**WHAT THIS TASK INVOLVES:**
Repeat exactly what runs from the line containing "Rangilo Green Mirror" through the last line of the material below. Do not copy the pictures.

**DATA TO EXAMINE:**
Segment Open
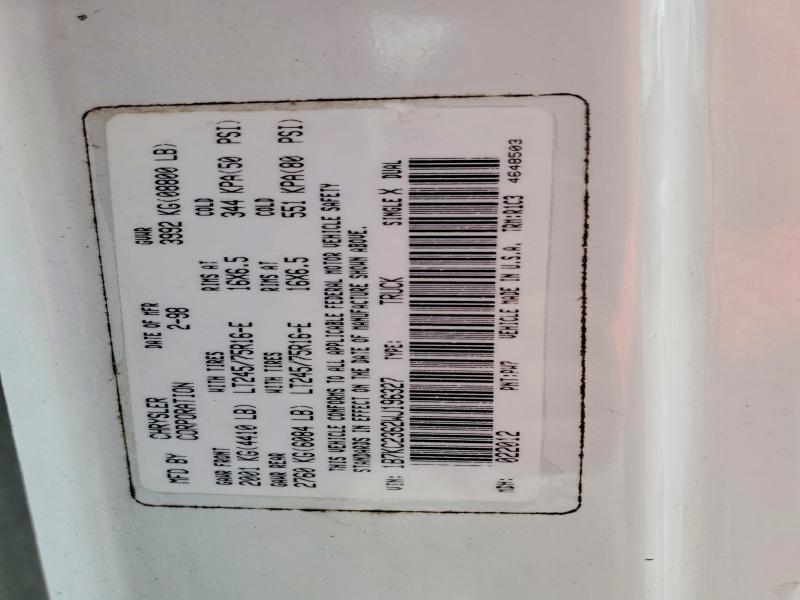 47461306 :رقم المزاد ، 1B7KC2362WJ196327 vin ، 1998 Dodge Ram 2500 مزاد بيع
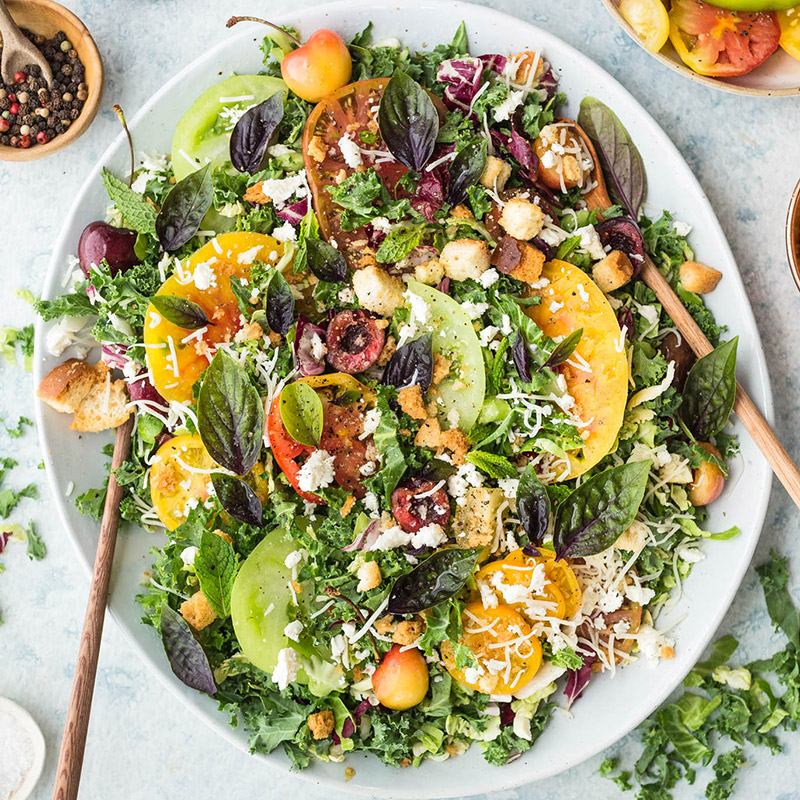 Tomato & Cherry Kale Salad with Lemon Vinaigrette Featured Image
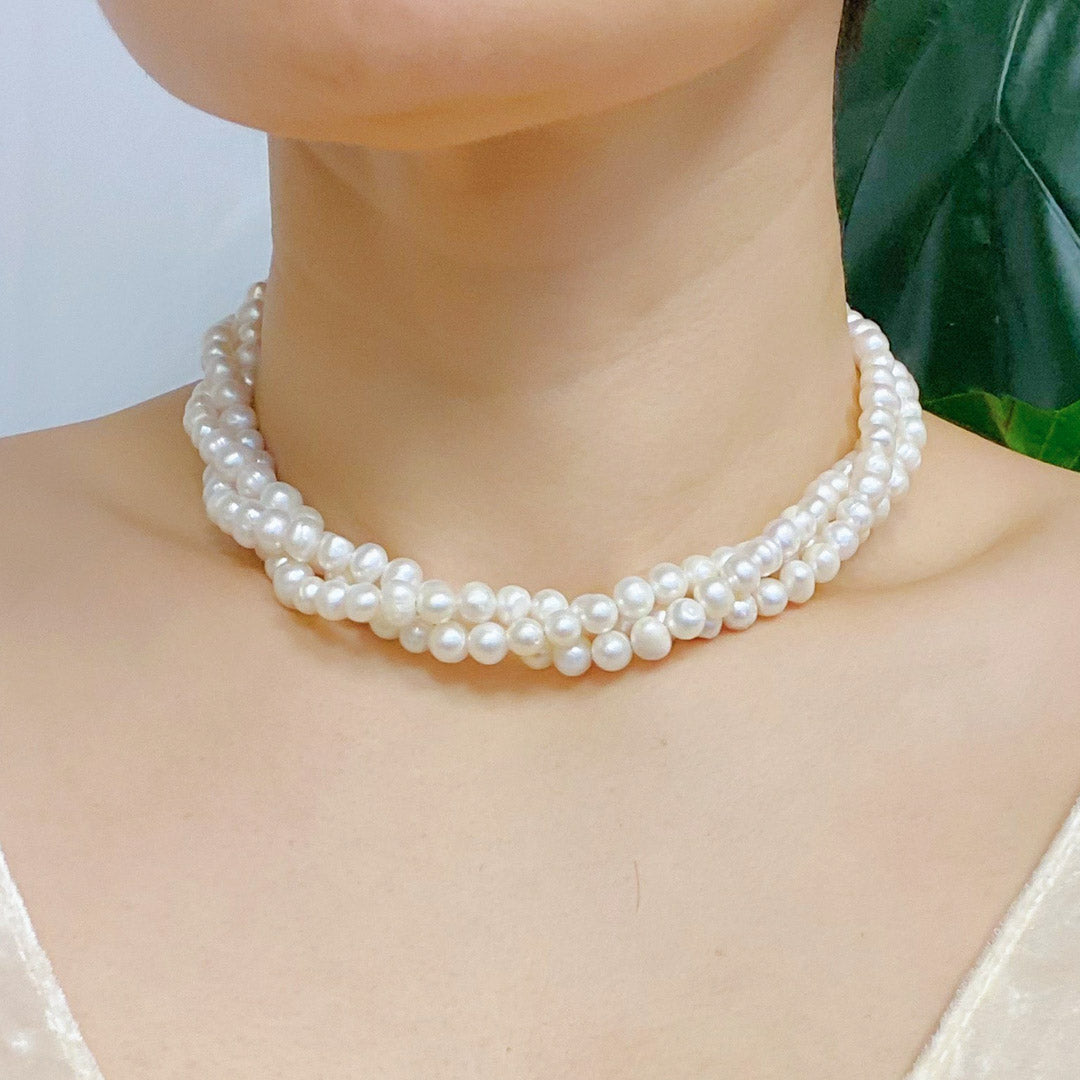 Three-Strand Pearl Collar Necklace
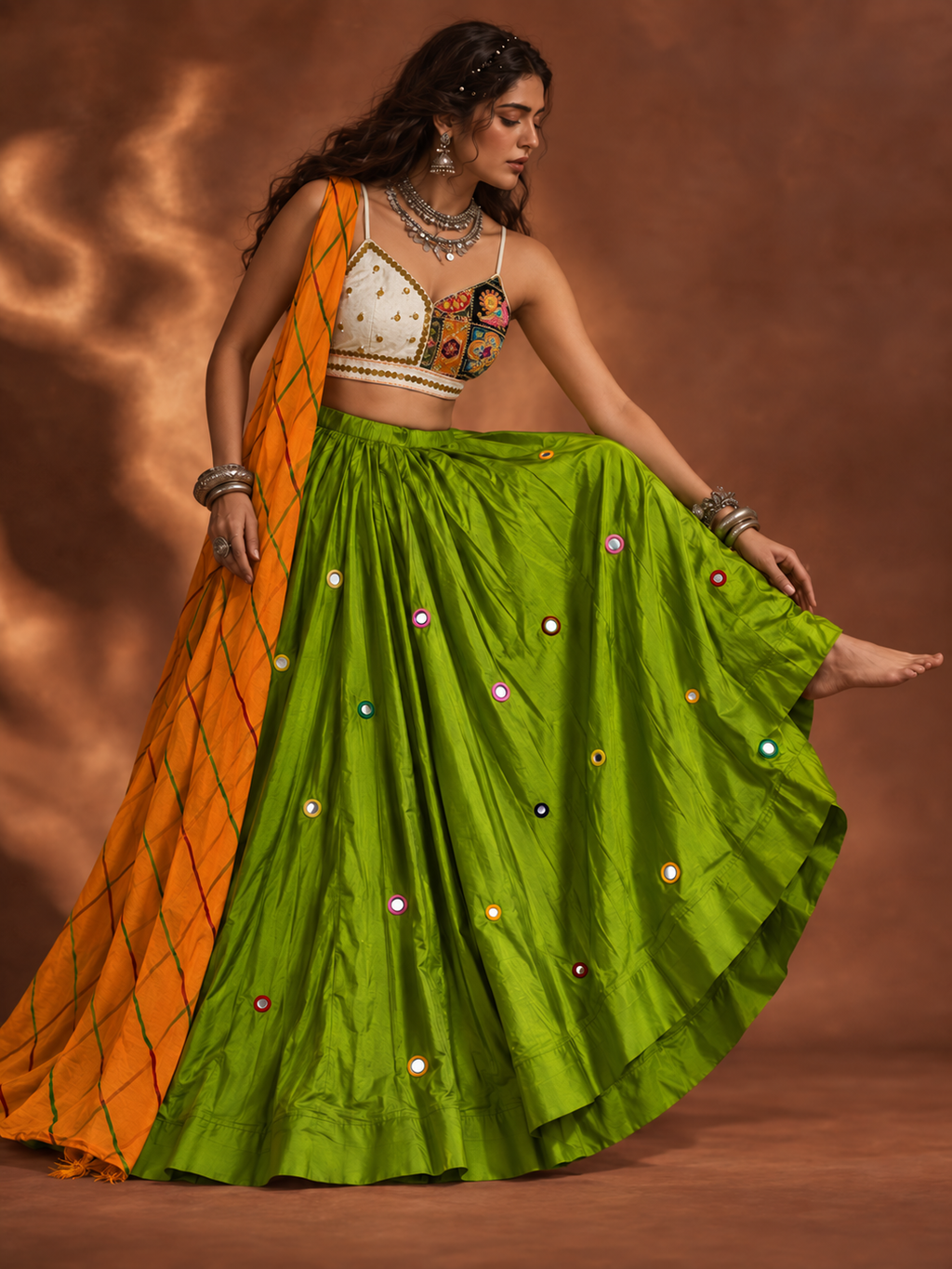 Rangilo Green Mirror Work Navratri Chania Choli model shot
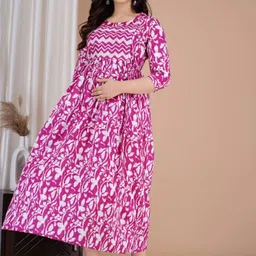 Pakiza Enterprises Pack Of 2 Floral Printed Gathered or Pleated Maternity Maxi Dress image 4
Segment Closed
**OUTPUT FOR THIS TASK:**
 Rangilo Green Mirror Work Navratri Chania Choli model shot
 Pakiza Enterprises Pack Of 2 Floral Printed Gathered or Pleated Maternity Maxi Dress image 4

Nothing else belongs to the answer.